Brief
In the listing, locate the line containing "第2百合マンション(1K/4階)の間取り写真", then quote it and all following lines exactly. Omit pictures.

**** Working data

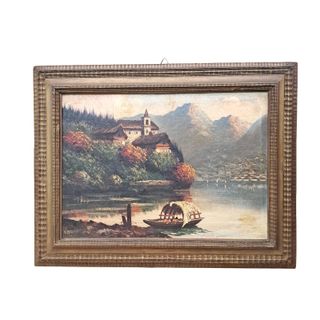 Dipinto a olio su tela raffigurante Lago di Como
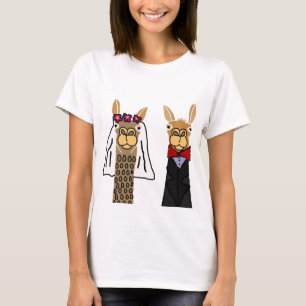 Funny Llama Bride en Groom Wedding Art T-shirt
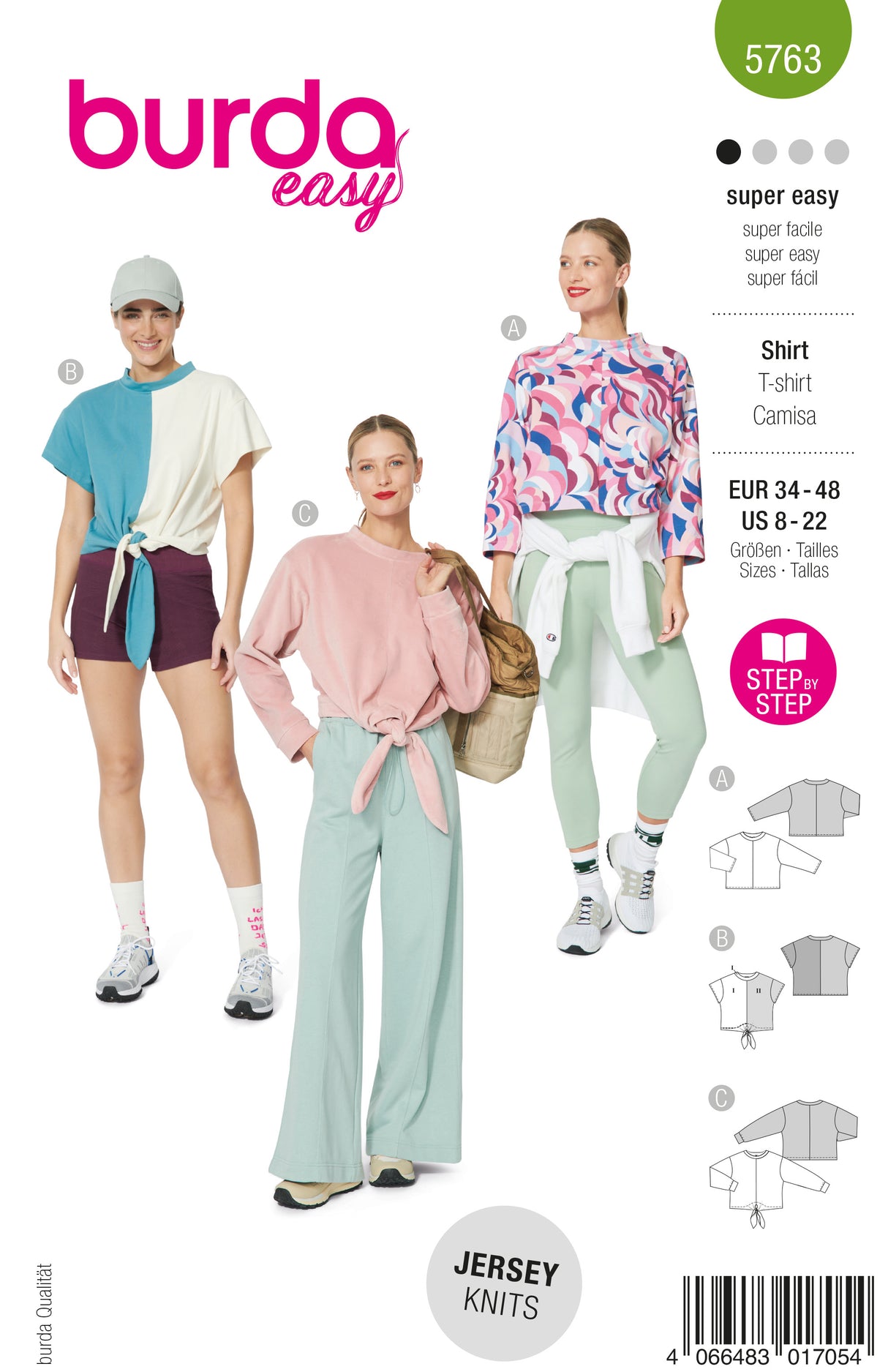 Patron Burda n°5763 – T-shirts Femme Modernes et Polyvalents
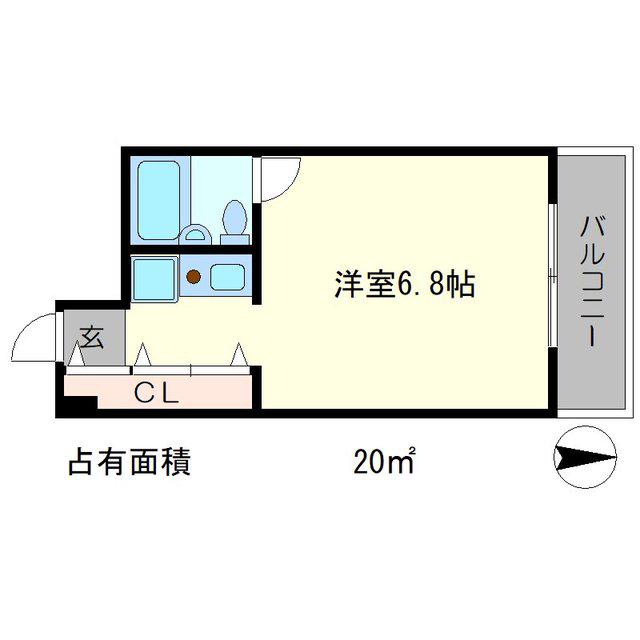第2百合マンション(1K/4階)の間取り写真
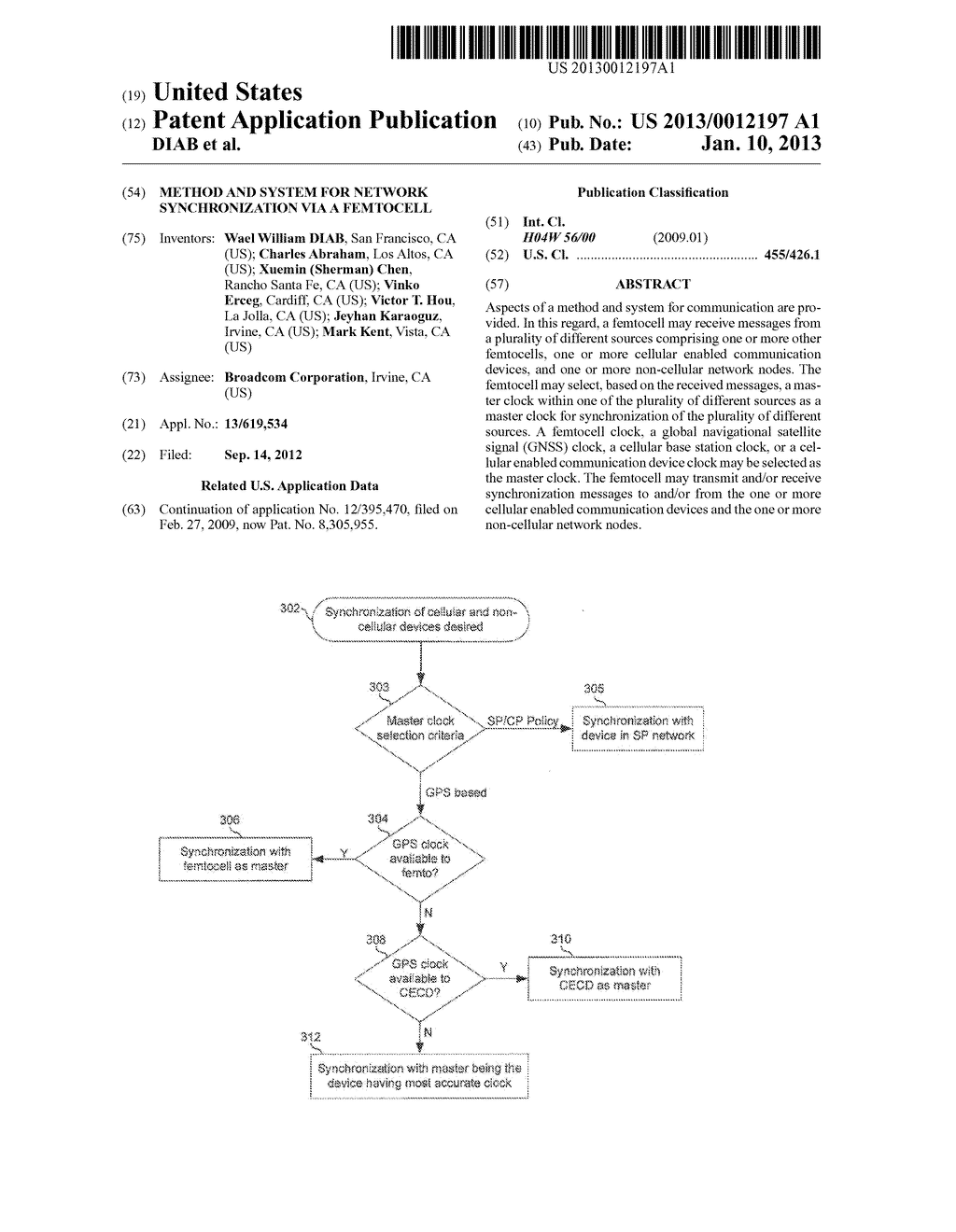 METHOD AND SYSTEM FOR NETWORK SYNCHRONIZATION VIA A FEMTOCELL - diagram, schematic, and image 01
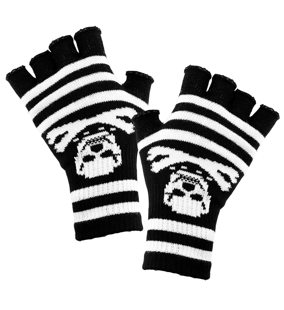 fingerless skull gloves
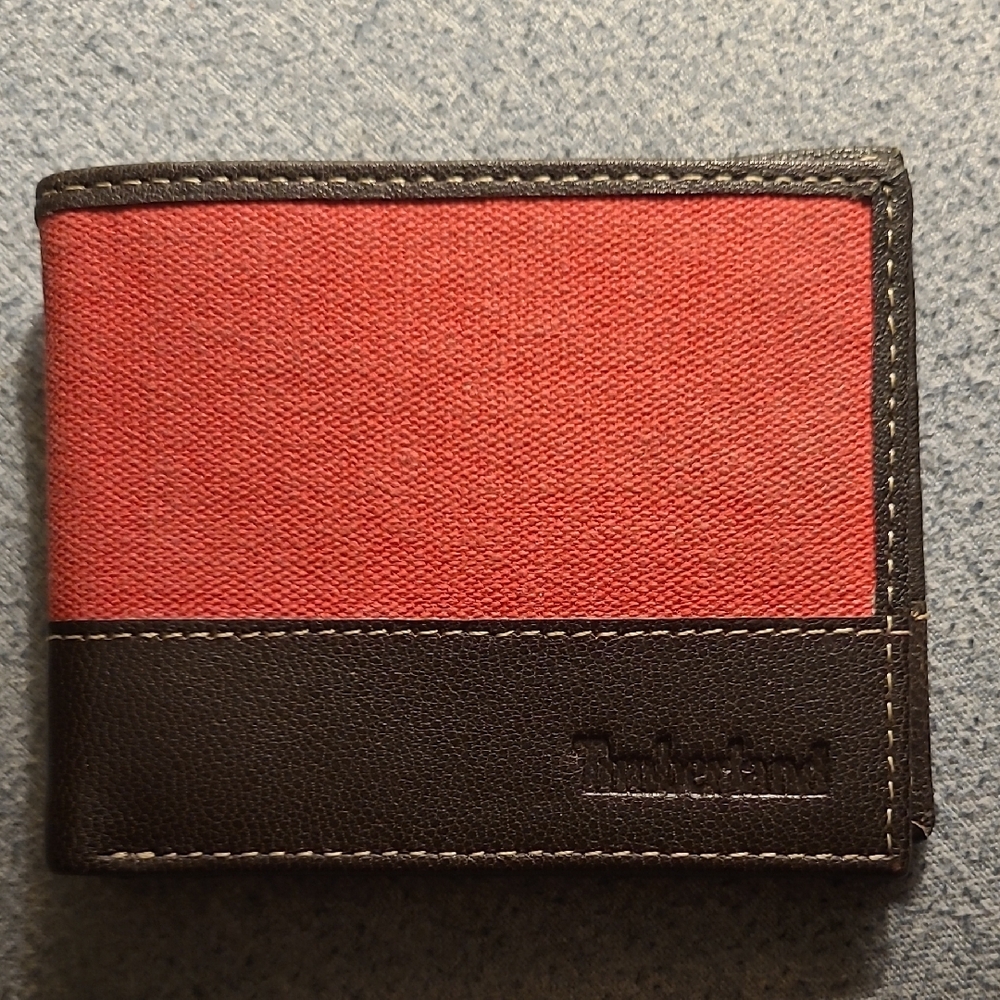 Timberland Red and Brown Men's Wallet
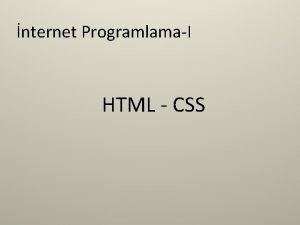 Html css nedir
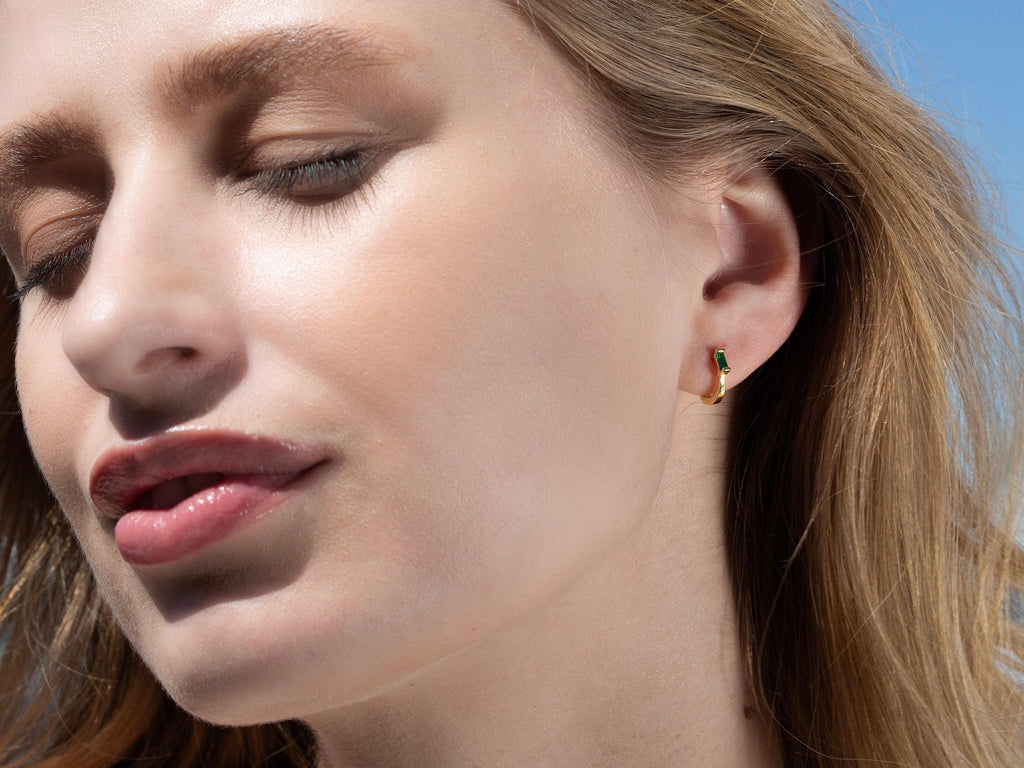 Emerald Baguette Huggie Hoop Earrings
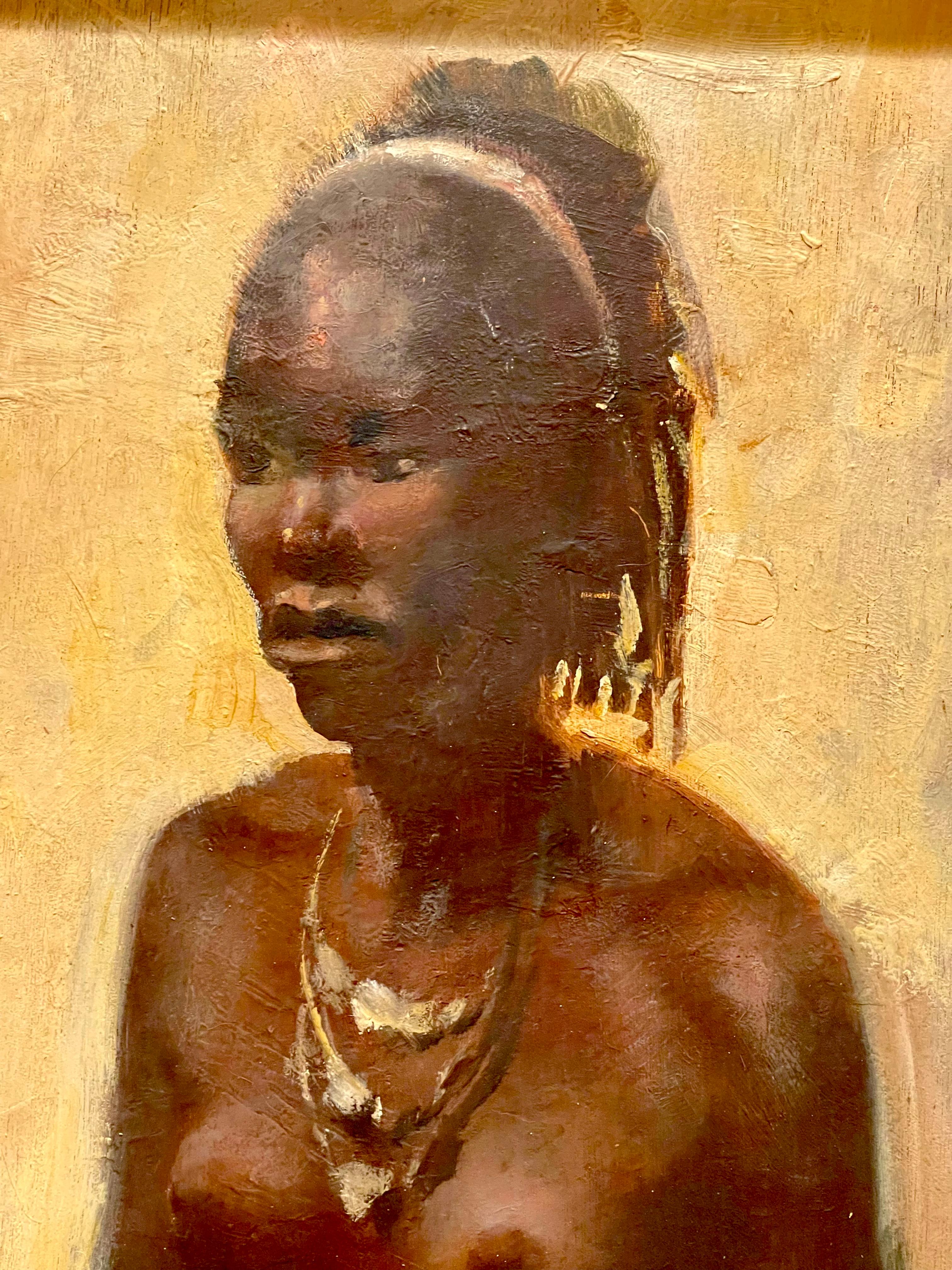 Hand-Painted Gaston Parison, Malagasy Woman Portrait, 19th Century For Sale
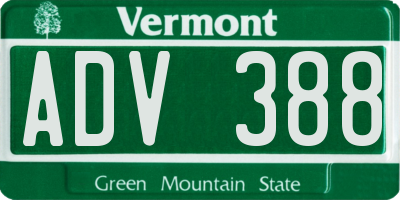 VT license plate ADV388
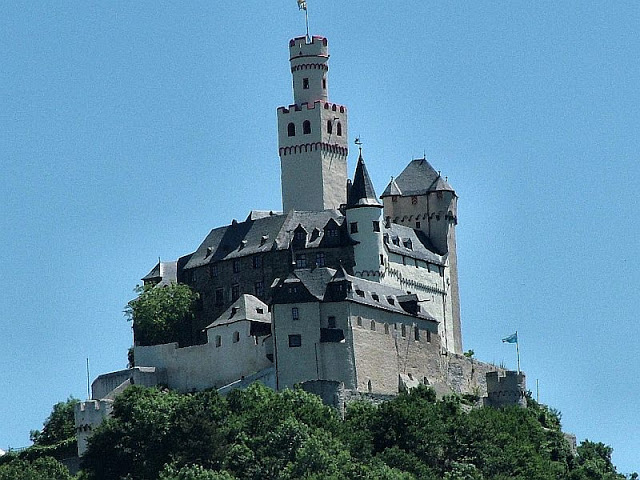 Castelo de Marksburg, sobre o rio Reno, Alemanha
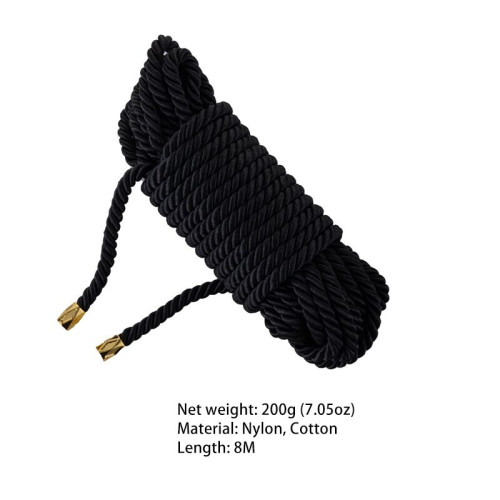 Веревка для шибари LOCKINK SEVANDA Shibari Pratice Rope, черная, 8 м, нейлон+хлопок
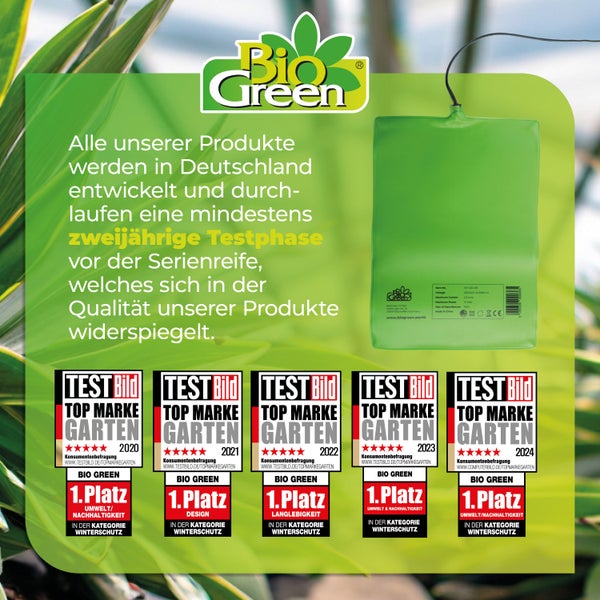 Bio Green Logo, Test Bild Auszeichnungen Top Marke Garten 2020 bis 2024 für Winterschutz sowie Informationen zur Produktentwicklung in Deutschland.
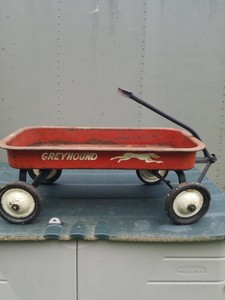 red metal wagon
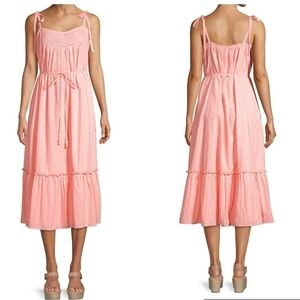 Rebecca Taylor LA VIE Kelsey Textured Midi Dress In Color Blossom Size L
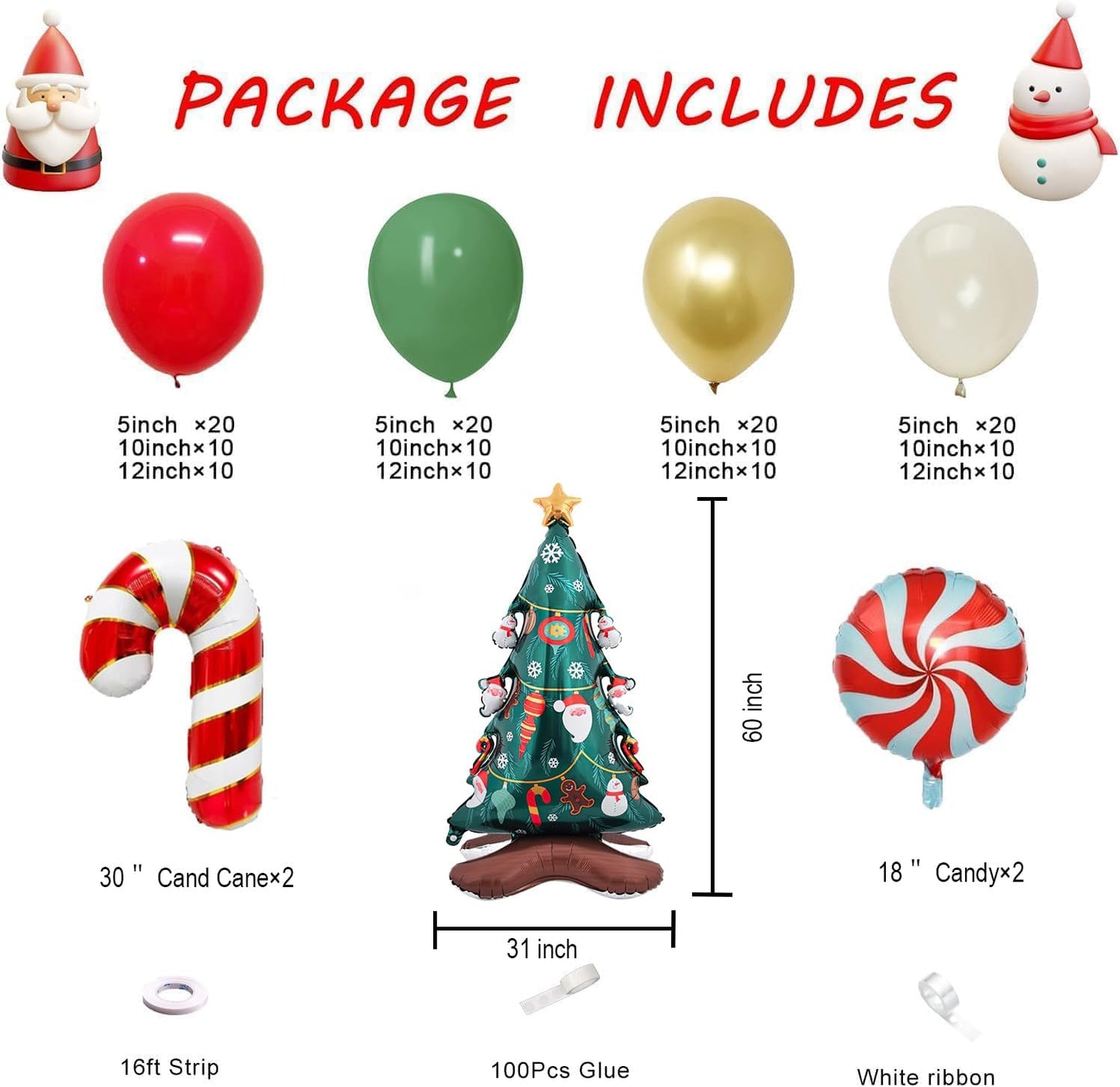 Christmas Balloon Garland Arch Kit 168PCS Red Sage Green Gold White Sand Balloons Candy Balloon Cand Cane Balloons for Christmas Party Decorations Supplies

********

Exercise output
第2百合マンション(1K/4階)の間取り写真
 METHOD AND SYSTEM FOR NETWORK SYNCHRONIZATION VIA A FEMTOCELL - diagram, schematic, and image 01
 fingerless skull gloves
 Timberland Red and Brown Men's Wallet
 Html css nedir
 Emerald Baguette Huggie Hoop Earrings
 Hand-Painted Gaston Parison, Malagasy Woman Portrait, 19th Century For Sale
 VT license plate ADV388
 Castelo de Marksburg, sobre o rio Reno, Alemanha
 Веревка для шибари LOCKINK SEVANDA Shibari Pratice Rope, черная, 8 м, нейлон+хлопок
 Bio Green Logo, Test Bild Auszeichnungen Top Marke Garten 2020 bis 2024 für Winterschutz sowie Informationen zur Produktentwicklung in Deutschland.
 red metal wagon
 Rebecca Taylor LA VIE Kelsey Textured Midi Dress In Color Blossom Size L
 Christmas Balloon Garland Arch Kit 168PCS Red Sage Green Gold White Sand Balloons Candy Balloon Cand Cane Balloons for Christmas Party Decorations Supplies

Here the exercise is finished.